Le Secret de Brokeback Mountain
2006
Ang Lee

Grand classique du cinéma, je suis passé à côté pendant près d’une décennie, la faute à une certaine étroitesse d’esprit : une histoire d’amour homosexuelle peut-elle réellement me parler si je ne partage pas les mêmes attirances ? Eh bien avec les années, je me suis rendu compte que je tolérais bien les bobos gauchiasses sur YouTube ou que je pouvais apprécier le travail d’artistes ô combien détestables dans la vraie vie, donc après tout pourquoi pas. Surtout que le parcours du film a de quoi forcer le respect : une pléthore de prix et nominations dans toutes les principales catégories de toutes les prestigieuses cérémonies, des retours dithyrambiques, et un succès en salle peu commun, avec près de 177 M$ dans le monde avec une longévité comme on en voit pas deux par décennie.

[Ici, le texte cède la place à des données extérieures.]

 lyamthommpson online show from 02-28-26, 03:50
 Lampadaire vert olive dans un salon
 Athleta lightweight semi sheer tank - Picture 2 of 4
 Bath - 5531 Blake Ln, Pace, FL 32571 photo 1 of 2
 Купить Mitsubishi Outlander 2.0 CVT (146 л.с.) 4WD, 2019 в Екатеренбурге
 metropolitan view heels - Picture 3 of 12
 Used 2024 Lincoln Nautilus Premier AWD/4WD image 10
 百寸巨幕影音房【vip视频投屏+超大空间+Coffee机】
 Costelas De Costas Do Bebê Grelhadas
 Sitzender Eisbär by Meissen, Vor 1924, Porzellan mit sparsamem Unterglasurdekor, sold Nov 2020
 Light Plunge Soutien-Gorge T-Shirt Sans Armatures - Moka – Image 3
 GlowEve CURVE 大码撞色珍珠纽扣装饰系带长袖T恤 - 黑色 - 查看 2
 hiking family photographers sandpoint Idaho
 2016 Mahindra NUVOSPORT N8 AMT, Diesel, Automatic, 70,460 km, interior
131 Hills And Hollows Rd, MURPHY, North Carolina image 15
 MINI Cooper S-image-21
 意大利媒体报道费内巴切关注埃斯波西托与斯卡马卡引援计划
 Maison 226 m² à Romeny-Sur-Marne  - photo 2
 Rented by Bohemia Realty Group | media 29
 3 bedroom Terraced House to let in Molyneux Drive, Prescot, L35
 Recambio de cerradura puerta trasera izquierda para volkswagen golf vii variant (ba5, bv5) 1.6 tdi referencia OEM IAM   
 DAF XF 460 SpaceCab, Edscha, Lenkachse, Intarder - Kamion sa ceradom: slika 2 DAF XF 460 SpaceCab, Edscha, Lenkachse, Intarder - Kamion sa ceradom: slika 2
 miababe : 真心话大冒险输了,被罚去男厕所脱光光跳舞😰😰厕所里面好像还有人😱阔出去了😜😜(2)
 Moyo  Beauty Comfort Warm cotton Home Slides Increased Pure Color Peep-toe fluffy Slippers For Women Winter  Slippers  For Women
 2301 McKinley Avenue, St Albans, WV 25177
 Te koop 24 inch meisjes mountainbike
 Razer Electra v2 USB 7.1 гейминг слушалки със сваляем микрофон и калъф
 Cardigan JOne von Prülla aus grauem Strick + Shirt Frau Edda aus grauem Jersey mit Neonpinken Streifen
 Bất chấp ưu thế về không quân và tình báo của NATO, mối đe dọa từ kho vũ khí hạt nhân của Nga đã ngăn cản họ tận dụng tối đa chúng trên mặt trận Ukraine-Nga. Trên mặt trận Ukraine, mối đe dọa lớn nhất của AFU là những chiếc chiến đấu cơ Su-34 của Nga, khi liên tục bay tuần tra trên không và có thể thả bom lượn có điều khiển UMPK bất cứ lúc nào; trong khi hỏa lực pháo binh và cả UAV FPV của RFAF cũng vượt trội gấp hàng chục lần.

L’histoire prend place en 1963 aux Etats-Unis, alors que Ennis Del Mar (Heath Ledger) et Jack Twist (Jake Gyllenhaal) sont engagés pour l’été à surveiller le bétail d’un important éleveur possédant plusieurs milliers de bêtes et craignant les attaques de prédateurs. Plusieurs mois durant à braver le froid, les tempêtes et l’ennui : voilà qui rapproche les gens, voir éveiller en eux des choses qu’ils ne pensaient pas avoir. Simple moment d’égarement le temps d’un été ? Quatre ans plus tard, les deux hommes se sont chacun rangé, ayant tous deux épousé une femme (Michelle Williams et Anne Hathaway respectivement), mais quand l’heure des retrouvailles va sonner, des sentiments plus profonds vont resurgir.

Plus qu’une histoire d’amour, c’est aussi un témoignage d’une époque, d’une mentalité. Si aujourd’hui l’homosexualité n’est ni un tabou ni un crime, il n’y a pas si longtemps, les choses étaient bien différentes, et au moindre risque d’ébruitement, on risquait sa vie. Un danger palpable, rendant toute pulsion irrémédiablement refoulée, avec la frustration voir la dépression qui en découle. Les années filent et se ressemblent, avec de trop rares moments de bonheur, à se voiler, se cacher le reste du temps, gardant avec soi cette souffrance. Les acteurs sont prodigieux, arrivant à véhiculer tellement d’émotion sans le moindre mot, avec une mention spéciale pour le regretté Heath Ledger qui avait un talent ahurissant, capable d’une justesse inouïe dans tous les registres. On notera également les présences de Anna Faris, David Harbour et Kate Mara.

Il faut bien sûr parler des décors, de cette Amérique profonde, ce retour au sauvage qui permet d’éveiller sa vraie nature. La mise en scène arrive à rendre intimiste des immenses panoramas, montrant que malgré un monde si vaste, ce qui importe c’est avec qui on arpente cette Terre. Le choix d’étaler sur plusieurs décennies l’histoire pose en revanche deux problèmes : ne pas voir la situation évoluer rend communicante la frustration des protagonistes, et le maquillage est trop effacé, voir raté. A aucun moment on ne croit que les acteurs ont prit 20 ans, au point que quand la fille arrive sur la vingtaine à la fin, on dirait qu’elle a presque le même âge que son père. C’est le seul point qui m’aura déçu, sinon tout le reste est d’une grande maîtrise, avec des personnages forts, attachants et très bien écrits. Si la nostalgie nous gagne quand on regarde en arrière, voilà un des rares exemples positifs de notre société moderne.